### WHAT YOU SHOULD DO
Among the entries below, take the line with "Gold Glitzer wird" and the line with "Cosmetic Shelf Display", and output them and every line between them exactly, with nothing else.

### INPUT DATA
::::
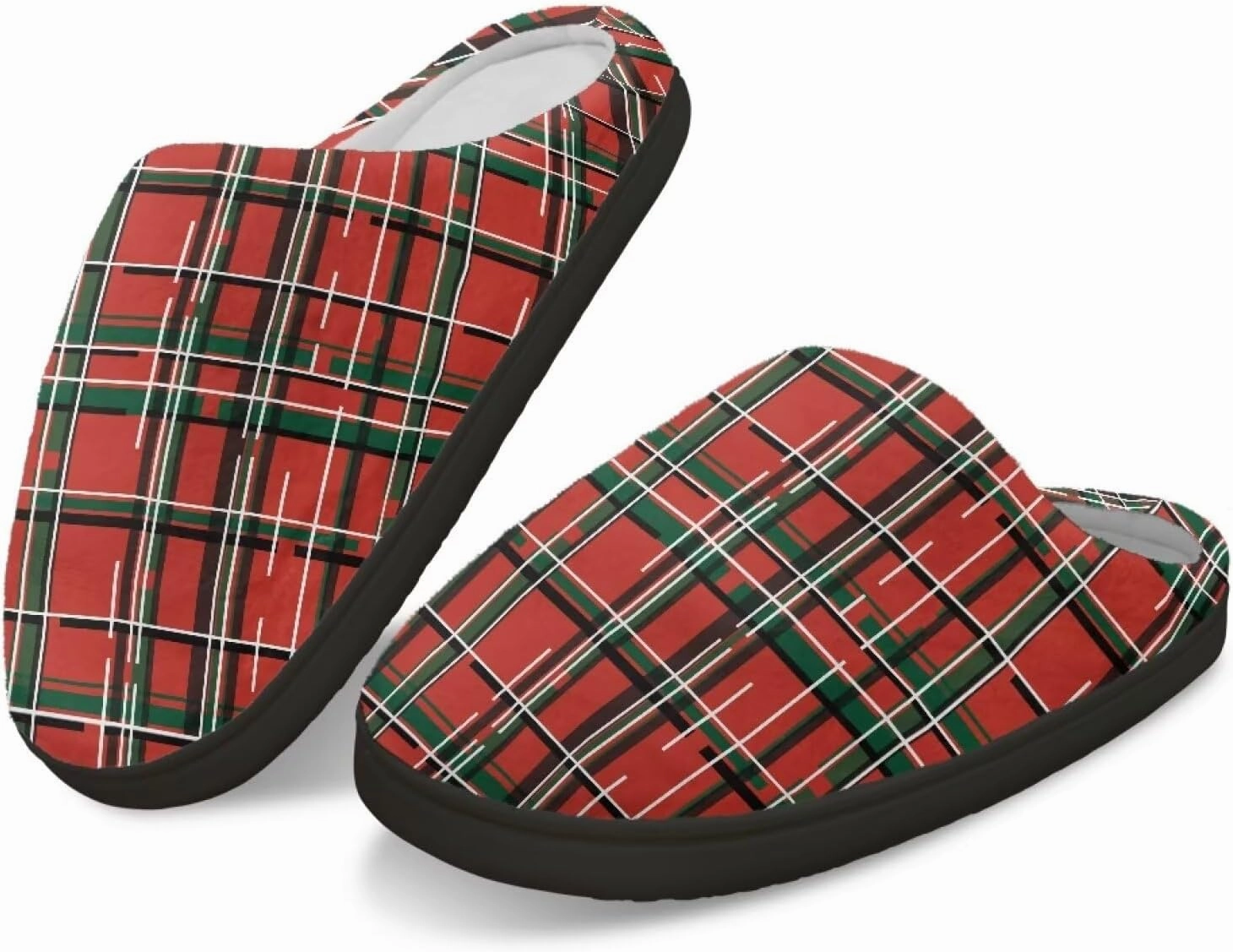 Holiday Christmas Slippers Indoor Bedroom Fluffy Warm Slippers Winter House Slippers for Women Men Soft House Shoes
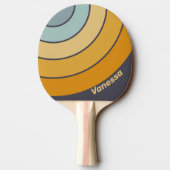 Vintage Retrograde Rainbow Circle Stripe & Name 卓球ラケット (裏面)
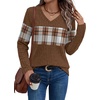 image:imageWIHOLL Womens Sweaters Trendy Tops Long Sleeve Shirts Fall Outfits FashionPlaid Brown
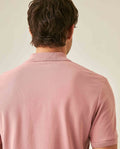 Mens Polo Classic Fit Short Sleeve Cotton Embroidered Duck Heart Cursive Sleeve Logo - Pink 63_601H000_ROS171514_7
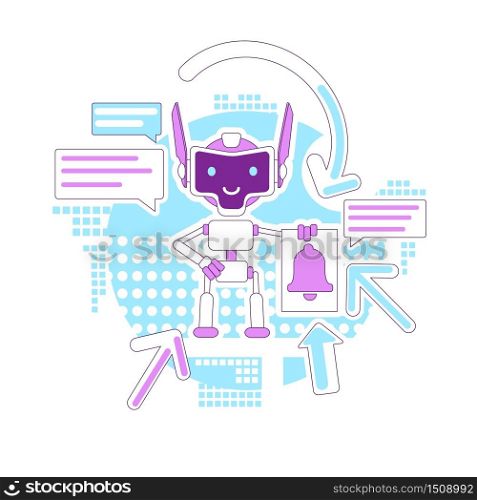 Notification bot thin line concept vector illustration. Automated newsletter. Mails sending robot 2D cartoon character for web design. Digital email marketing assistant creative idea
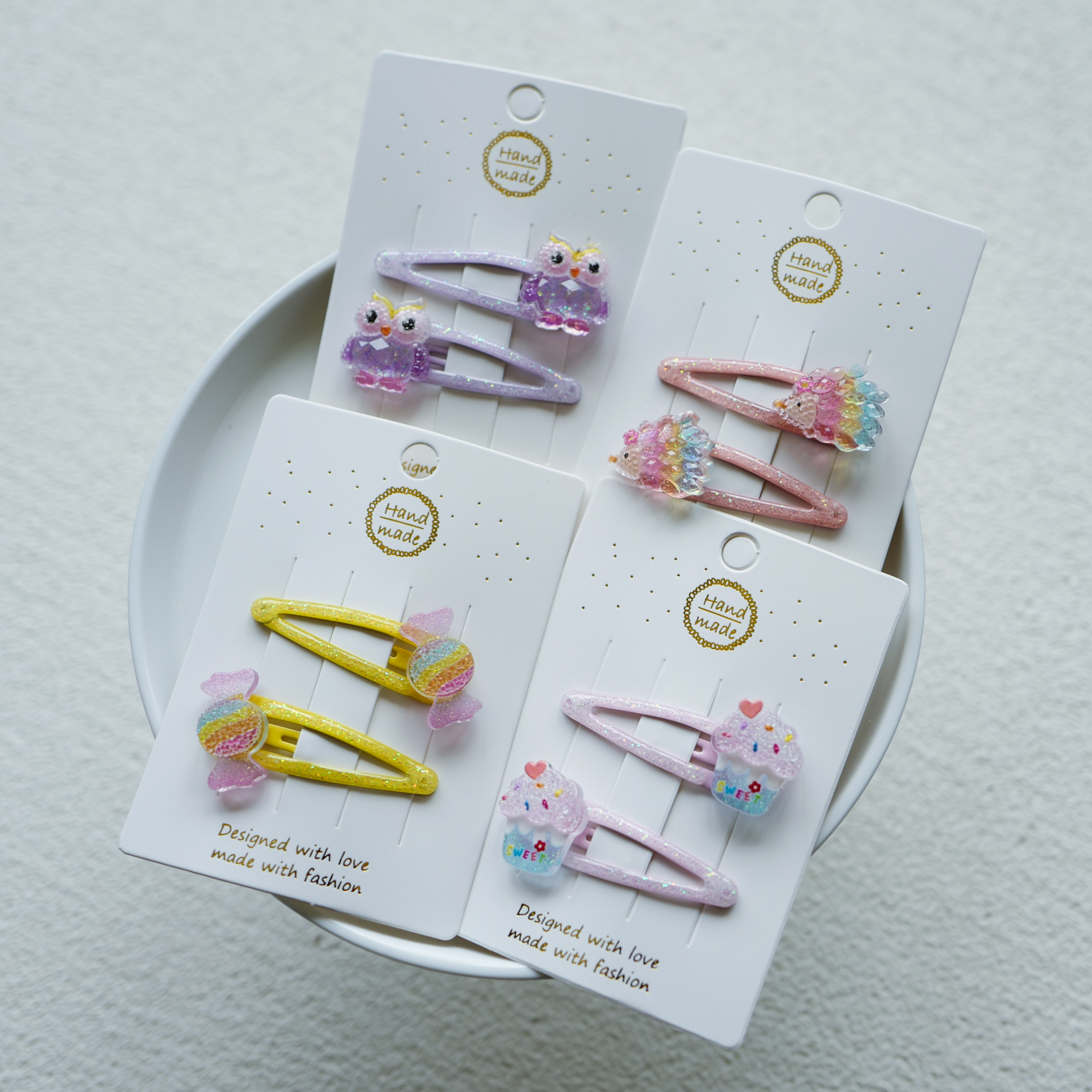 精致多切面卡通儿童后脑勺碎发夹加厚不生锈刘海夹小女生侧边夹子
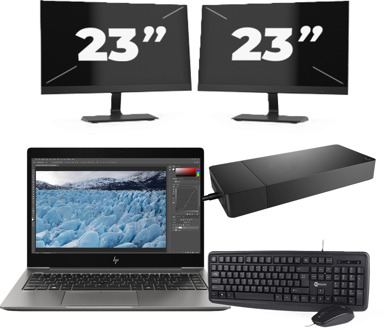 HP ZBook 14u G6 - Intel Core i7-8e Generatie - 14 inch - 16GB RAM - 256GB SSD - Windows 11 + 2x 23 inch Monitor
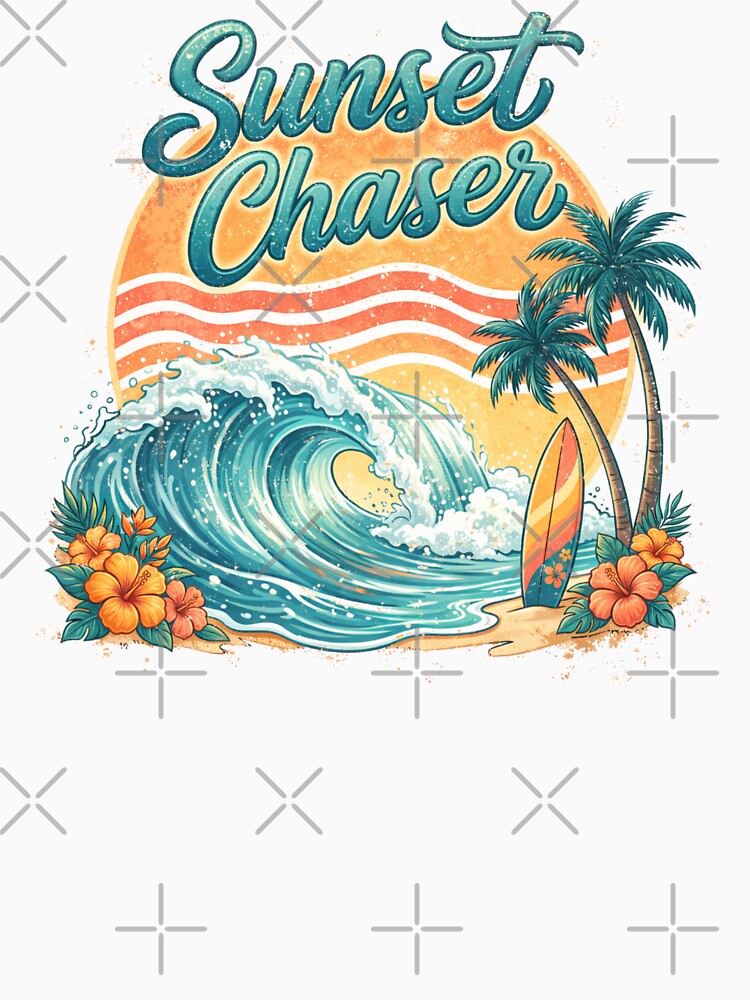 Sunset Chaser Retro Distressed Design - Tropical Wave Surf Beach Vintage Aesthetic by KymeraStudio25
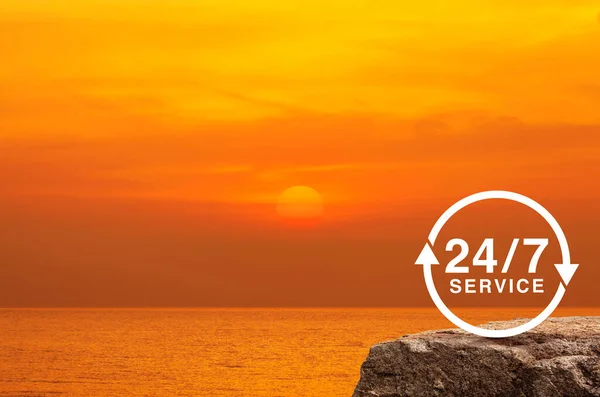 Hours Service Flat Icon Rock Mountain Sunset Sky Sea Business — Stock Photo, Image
::::
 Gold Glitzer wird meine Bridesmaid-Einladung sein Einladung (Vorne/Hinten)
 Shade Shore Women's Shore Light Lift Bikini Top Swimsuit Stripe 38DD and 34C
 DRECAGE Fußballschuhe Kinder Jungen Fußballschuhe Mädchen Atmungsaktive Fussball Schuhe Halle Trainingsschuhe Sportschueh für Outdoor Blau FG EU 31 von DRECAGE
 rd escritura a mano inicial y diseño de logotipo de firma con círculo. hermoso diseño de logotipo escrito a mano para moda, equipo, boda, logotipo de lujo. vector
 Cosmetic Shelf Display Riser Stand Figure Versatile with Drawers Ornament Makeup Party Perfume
::::
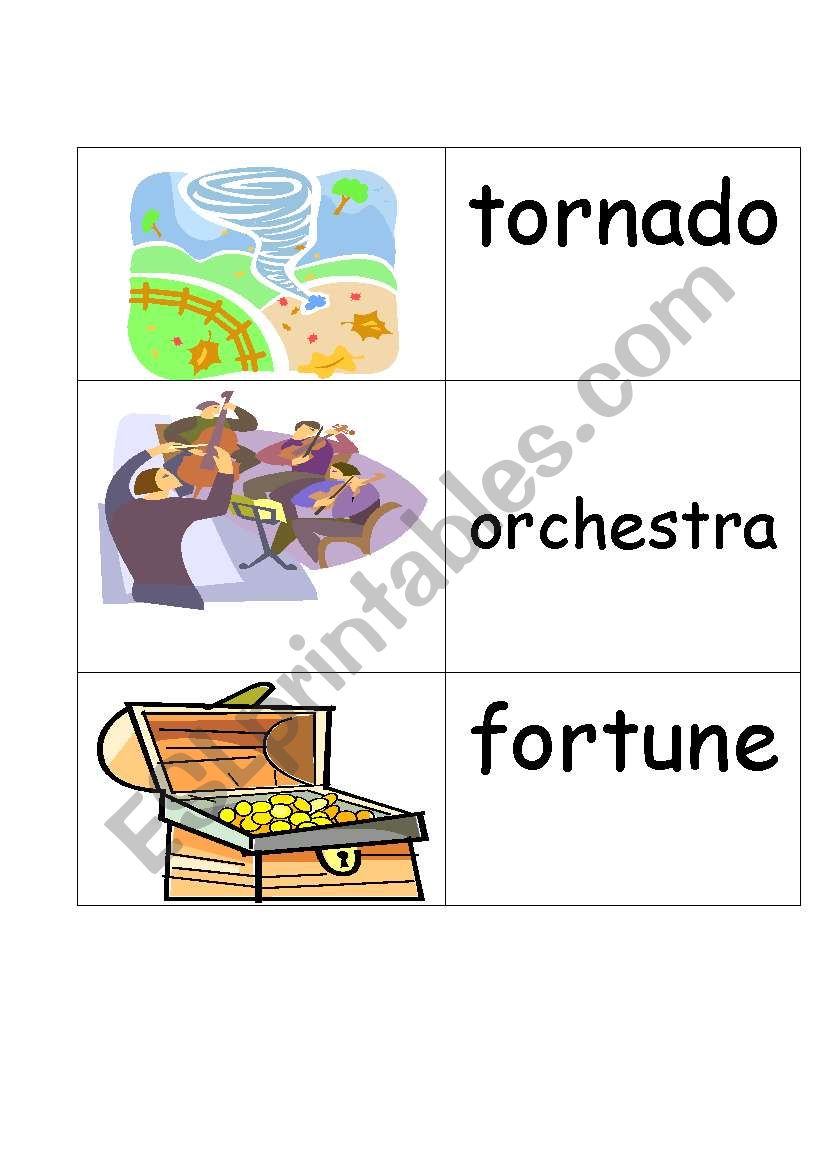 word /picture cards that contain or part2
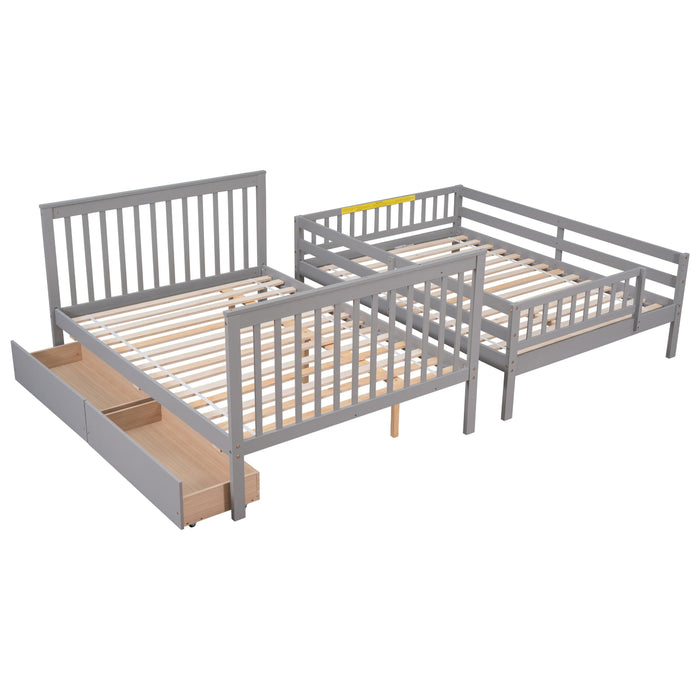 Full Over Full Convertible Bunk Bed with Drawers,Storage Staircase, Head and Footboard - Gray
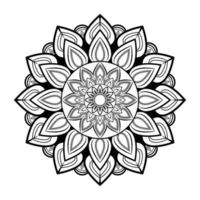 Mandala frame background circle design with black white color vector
::::
### SOLUTION TO THIS EXERCISE
 Gold Glitzer wird meine Bridesmaid-Einladung sein Einladung (Vorne/Hinten)
 Shade Shore Women's Shore Light Lift Bikini Top Swimsuit Stripe 38DD and 34C
 DRECAGE Fußballschuhe Kinder Jungen Fußballschuhe Mädchen Atmungsaktive Fussball Schuhe Halle Trainingsschuhe Sportschueh für Outdoor Blau FG EU 31 von DRECAGE
 rd escritura a mano inicial y diseño de logotipo de firma con círculo. hermoso diseño de logotipo escrito a mano para moda, equipo, boda, logotipo de lujo. vector
 Cosmetic Shelf Display Riser Stand Figure Versatile with Drawers Ornament Makeup Party Perfume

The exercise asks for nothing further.